Citing security considerations, the system requirements for Windows 11 were increased over Windows 10. Microsoft only officially supports the operating system on devices using an eighth-generation Intel Core CPU or newer (with some minor exceptions), AMD Ryzen CPU based on Zen+ microarchitecture or newer, or a Qualcomm Snapdragon 850 ARM system-on-chip or newer, with UEFI secure boot and Trusted Platform Module (TPM) 2.0 supported and enabled (although Microsoft may provide exceptions to the TPM 2.0 requirement for OEMs). While the OS can be installed on unsupported processors, Microsoft does not guarantee the availability of updates. Windows 11 removed support for 32-bit x86 CPUs and devices which use BIOS firmware.

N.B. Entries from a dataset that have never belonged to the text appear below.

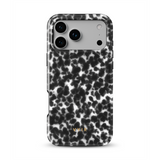 Tortoiseshell, Black and White - Tough MagSafe iPhone Case
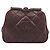 CHANEL Matelasse Gürteltasche Lammleder Bordeaux Gold CC Auth bs36614A Golden - Ansicht 2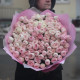 51 пионовидная кустовая роза Мэнсфилд парк. Букет 220 Kimbirly Flowers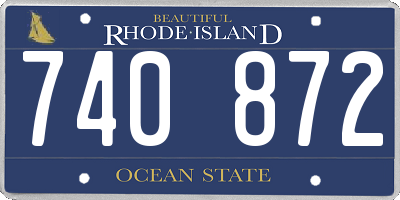 RI license plate 740872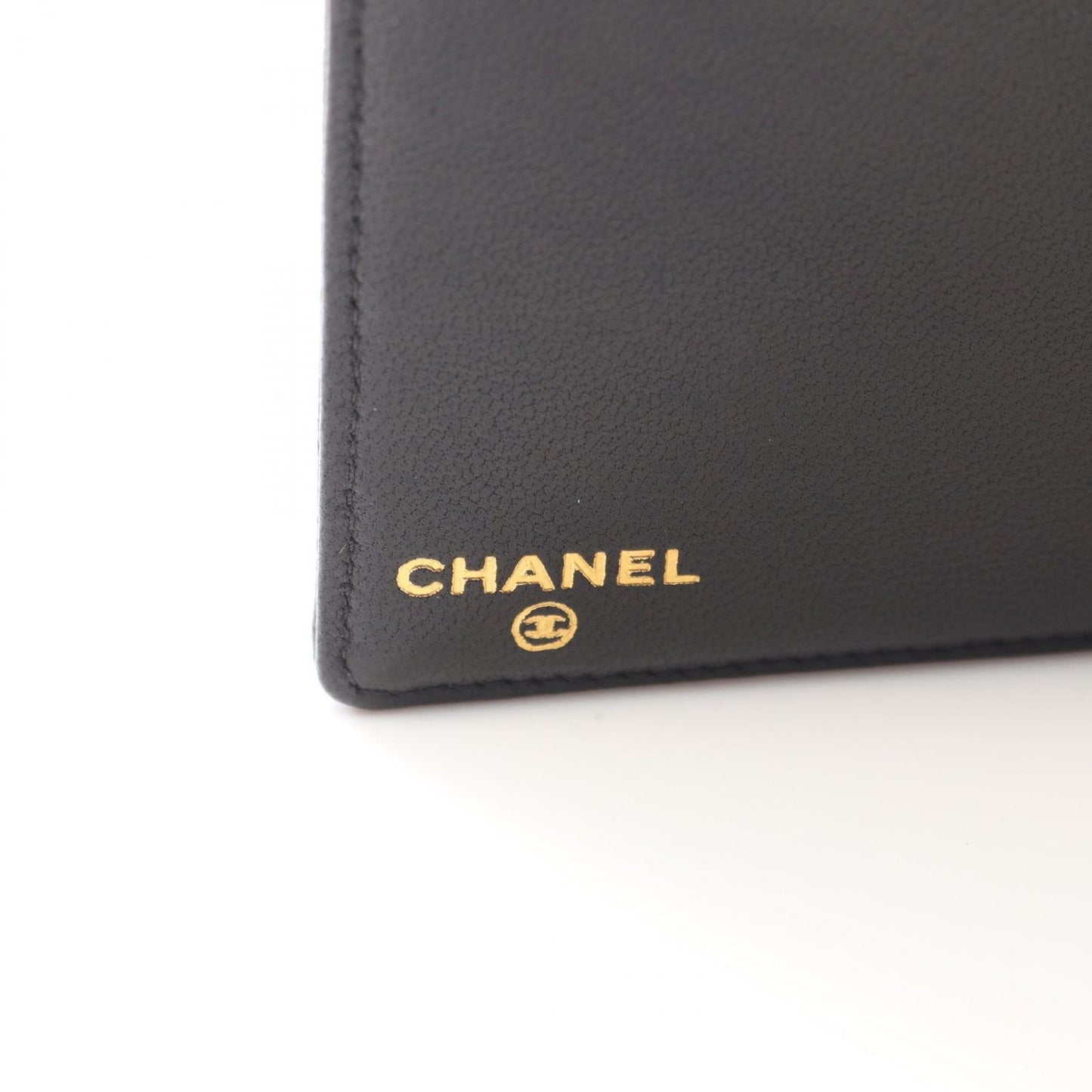 CHANEL Coco Mark Black Leather Wallet - Timeless Elegance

Windows 11 has received a widely polarized reception. Pre-release coverage of the operating system focused on its stricter hardware requirements, with discussions over whether they were legitimately intended to improve the security of Windows or as a ploy to upsell users to newer devices, and over e-waste associated with the changes. Upon release, it was praised for its improved visual design, window management, and a stronger focus on security, but was criticized for various modifications to aspects of its user interface which were seen as worse than its predecessor. As of May 2022, Windows 11 is the 2nd most popular Windows edition on Windows PCs in the United States, at 11%, and some other countries (also 2nd in North America as a whole and Oceania/Australia), while globally it remains 3rd on average (and in some countries 4th) after Windows 7, and also far behind Windows 10, which stands at 77% in the United States. Across all platforms, Windows 11 runs on a share of 2.6% of PCs.